GIVEN RECORDS
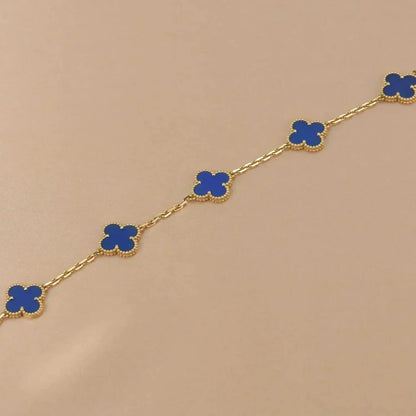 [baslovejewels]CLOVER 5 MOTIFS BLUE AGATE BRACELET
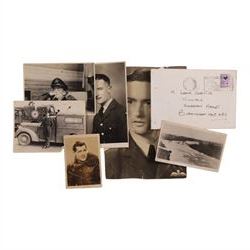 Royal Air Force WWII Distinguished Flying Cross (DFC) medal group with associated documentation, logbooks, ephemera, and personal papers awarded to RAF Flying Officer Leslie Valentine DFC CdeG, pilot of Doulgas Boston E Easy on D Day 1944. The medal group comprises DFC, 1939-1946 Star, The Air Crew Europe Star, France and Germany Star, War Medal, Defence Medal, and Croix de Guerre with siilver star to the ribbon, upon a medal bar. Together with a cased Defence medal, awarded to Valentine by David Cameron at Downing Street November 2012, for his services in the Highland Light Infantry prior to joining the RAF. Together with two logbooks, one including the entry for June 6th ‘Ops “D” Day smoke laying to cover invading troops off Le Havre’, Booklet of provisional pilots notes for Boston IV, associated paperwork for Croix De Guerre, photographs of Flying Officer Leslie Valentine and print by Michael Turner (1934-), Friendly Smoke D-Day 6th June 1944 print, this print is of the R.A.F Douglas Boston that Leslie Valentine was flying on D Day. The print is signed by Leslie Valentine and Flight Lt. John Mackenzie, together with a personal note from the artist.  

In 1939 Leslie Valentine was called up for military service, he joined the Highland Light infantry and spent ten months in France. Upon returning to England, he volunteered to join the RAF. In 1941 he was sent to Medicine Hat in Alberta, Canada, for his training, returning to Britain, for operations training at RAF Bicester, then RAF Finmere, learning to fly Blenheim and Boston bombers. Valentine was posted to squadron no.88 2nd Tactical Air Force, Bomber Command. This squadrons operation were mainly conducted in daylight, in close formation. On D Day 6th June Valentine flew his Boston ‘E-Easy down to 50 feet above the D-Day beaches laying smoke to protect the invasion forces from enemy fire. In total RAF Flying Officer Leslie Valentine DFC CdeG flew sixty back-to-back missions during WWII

---

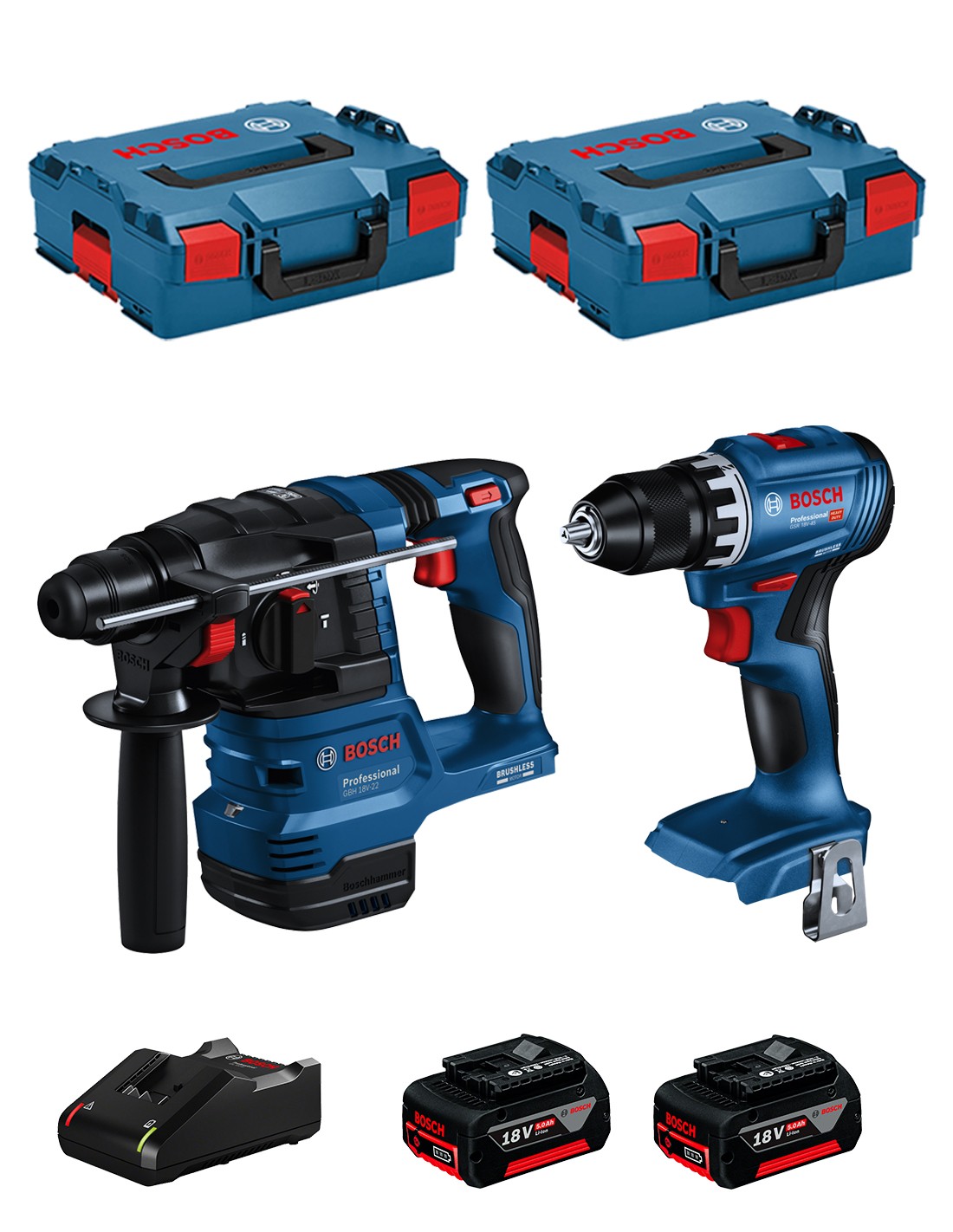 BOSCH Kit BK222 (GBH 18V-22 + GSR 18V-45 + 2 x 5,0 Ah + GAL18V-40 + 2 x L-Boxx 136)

WORK ORDER
Make an exact copy of the lines above, beginning with the line with "Royal Air Force" and ending with the line with "In 1939 Leslie", and keep the pictures out of it.

SOLUTION TO THIS PROBLEM
 Royal Air Force WWII Distinguished Flying Cross (DFC) medal group with associated documentation, logbooks, ephemera, and personal papers awarded to RAF Flying Officer Leslie Valentine DFC CdeG, pilot of Doulgas Boston E Easy on D Day 1944. The medal group comprises DFC, 1939-1946 Star, The Air Crew Europe Star, France and Germany Star, War Medal, Defence Medal, and Croix de Guerre with siilver star to the ribbon, upon a medal bar. Together with a cased Defence medal, awarded to Valentine by David Cameron at Downing Street November 2012, for his services in the Highland Light Infantry prior to joining the RAF. Together with two logbooks, one including the entry for June 6th ‘Ops “D” Day smoke laying to cover invading troops off Le Havre’, Booklet of provisional pilots notes for Boston IV, associated paperwork for Croix De Guerre, photographs of Flying Officer Leslie Valentine and print by Michael Turner (1934-), Friendly Smoke D-Day 6th June 1944 print, this print is of the R.A.F Douglas Boston that Leslie Valentine was flying on D Day. The print is signed by Leslie Valentine and Flight Lt. John Mackenzie, together with a personal note from the artist.  

In 1939 Leslie Valentine was called up for military service, he joined the Highland Light infantry and spent ten months in France. Upon returning to England, he volunteered to join the RAF. In 1941 he was sent to Medicine Hat in Alberta, Canada, for his training, returning to Britain, for operations training at RAF Bicester, then RAF Finmere, learning to fly Blenheim and Boston bombers. Valentine was posted to squadron no.88 2nd Tactical Air Force, Bomber Command. This squadrons operation were mainly conducted in daylight, in close formation. On D Day 6th June Valentine flew his Boston ‘E-Easy down to 50 feet above the D-Day beaches laying smoke to protect the invasion forces from enemy fire. In total RAF Flying Officer Leslie Valentine DFC CdeG flew sixty back-to-back missions during WWII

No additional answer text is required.